Автор книги: Джузеппе Гарибальди
Жанры:
История
,сообщить о нарушении
Текущая страница: 35 (всего у книги 41 страниц)
Тогда наша артиллерия состояла из двух батарей по четыре полевых орудия каждая и из одной горной батареи – всего было 18 орудий. Но не было орудийного расчета. Канцио и Бассо занялись первым орудием батареи. Эти мои храбрецы, уцепившись за колеса, быстро подкатили орудие к огневой позиции. На помощь им тут же подоспели другие адъютанты, прибежавшие один за другим и, наконец, артиллеристы, которые поспешили из своих помещений и храбро взялись за дело.

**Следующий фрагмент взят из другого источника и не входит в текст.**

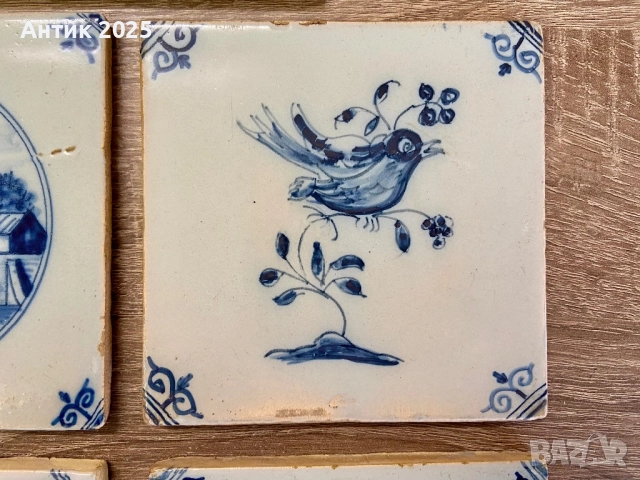 Комплект винтидж керамични плочки в стил Delft Blue, Нидерландия, снимка 7 - Антикварни и старинни предмети - 52790514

Наше счастье, что враг не подозревал, в какое состояние поверг он нас, напав врасплох; повсюду царили тишина и безлюдье, и враг, вероятно, как я думаю, решил, что мы приготовили ему засаду. Не останови он голову колонны у Сен-Мартен и поспеши вступить в Отен, враг не встретил бы никакого сопротивления и захватил бы наших людей, находящихся еще по квартирам.
Вместо этого пруссаки расставили свою артиллерию на высотах Сен-Мартен и принялись обстреливать наши позиции. Такое распоряжение врага спасло нас. Наши 18 орудий, установленные на позициях, господствовавших над вражескими, усердно и с рвением обслуживаемые нашими молодыми артиллеристами, несколько смущенными, что их застигли врасплох, осыпали врага снарядами и после нескольких часов орудийного обстрела принудили его отступить вместе с артиллерией. Несколько рот вольных стрелков и несколько батальонов подвижных войск, брошенных на левый фланг пруссаков, довершили успех дня и враг был вынужден отступить по всей линии. Тяжелые потери понесли наши артиллеристы, офицеры и солдаты; как я припоминаю, некий майор из Ниццы, Гвидо был ранен и ему ампутировали бедро. Вольные стрелки, как обычно, проявили большое мужество.

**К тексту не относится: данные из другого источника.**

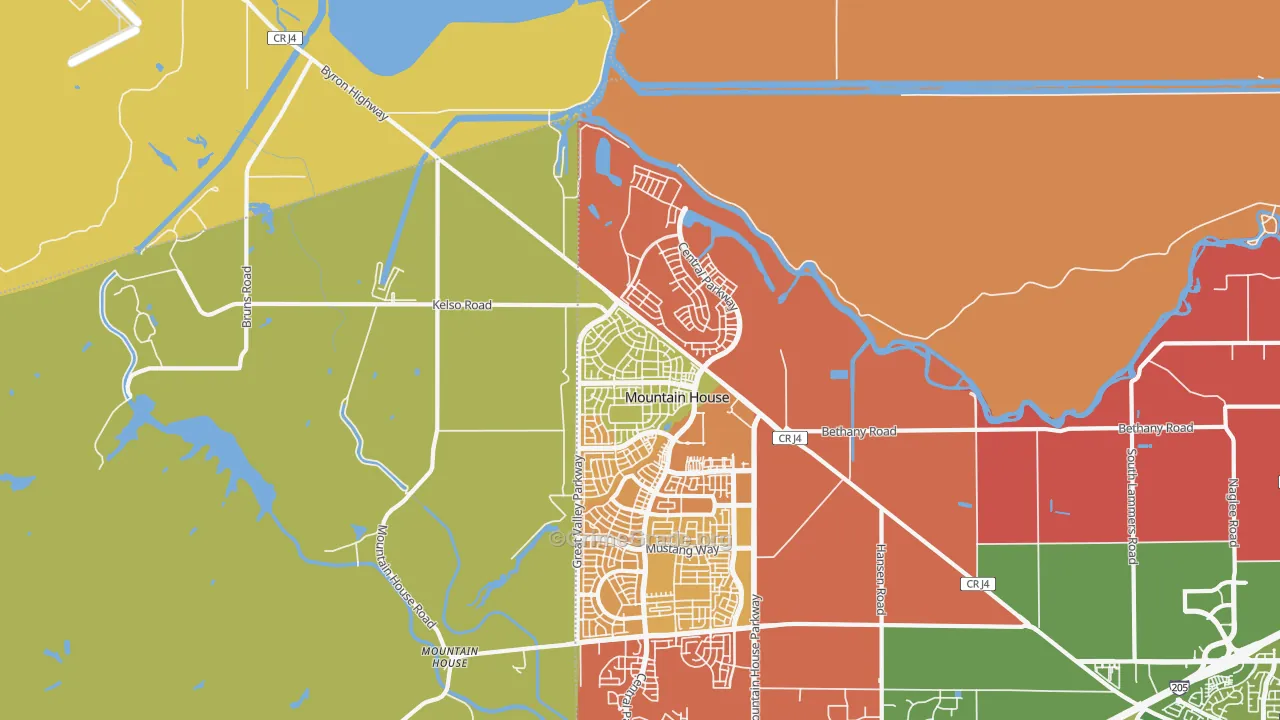 Questa, Mountain House, CA Map of Murder Rates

Оба итальянских полка оставались в городе в качестве резерва и лишь небольшая часть бойцов участвовала в этой операции, если не считать генуэзских карабинеров, которые наступали в центре и доблестно способствовали отступлению неприятеля.

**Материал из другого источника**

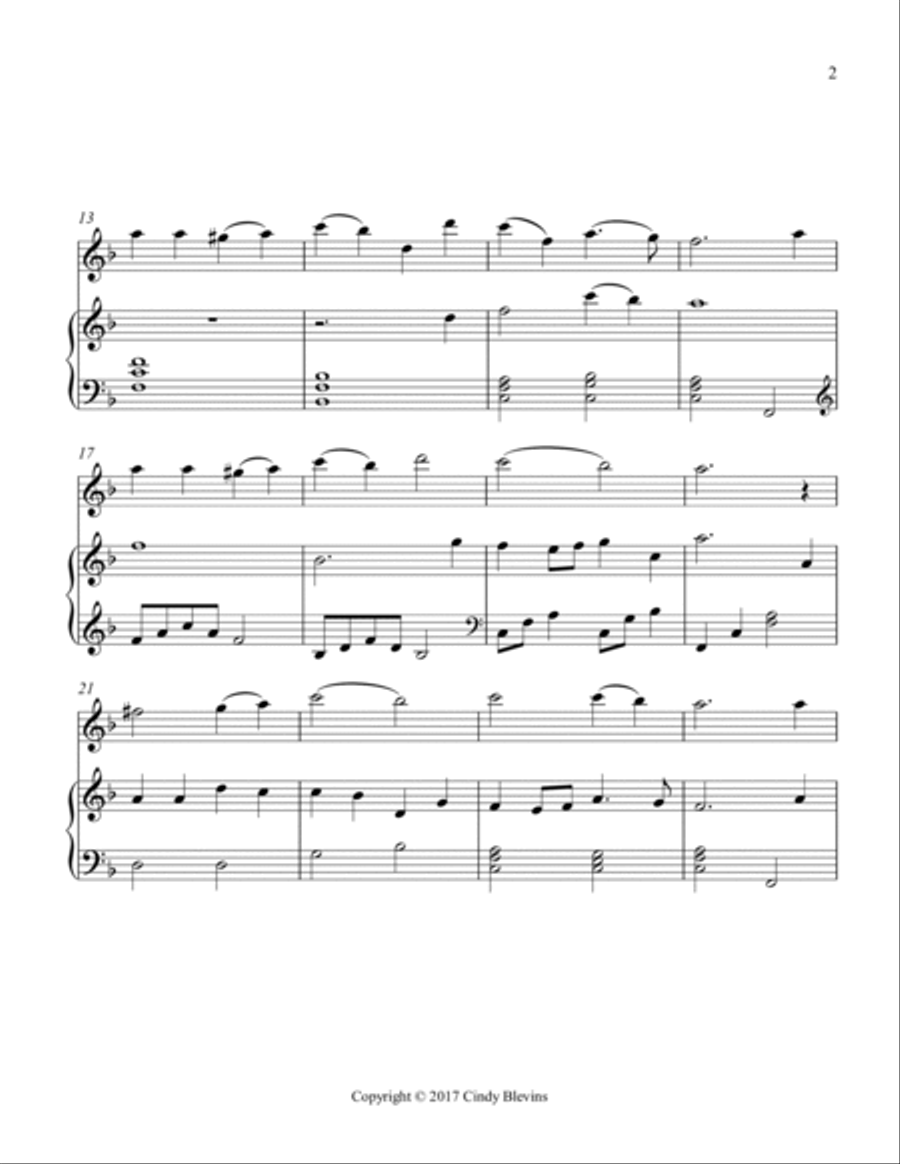 O Little Town of Bethlehem, for Piano and Flute Flute Solo scores gallery preview page 3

Три позиции, занимаемые аванпостами, которые в Отене должны были прикрывать нашу небольшую армию, и кстати сказать не выполнили эту задачу, были: Сен-Мартен – в центре, Сен-Жан – слева и Сен-Пьер – справа (пусть французы не глумятся над обилием святых, которые, как и у нас, видимо не в состоянии защитить их). Сен-Жан располагал батальоном подвижных войск из Нижних Пиренеев, который входил в состав третьей бригады. Этот батальон пользовался особой симпатией Менотти и моей; он кстати ее всегда заслуживал, особенно в последнем сражении, так как вел себя безупречно и внушил неприятелю уважение к себе.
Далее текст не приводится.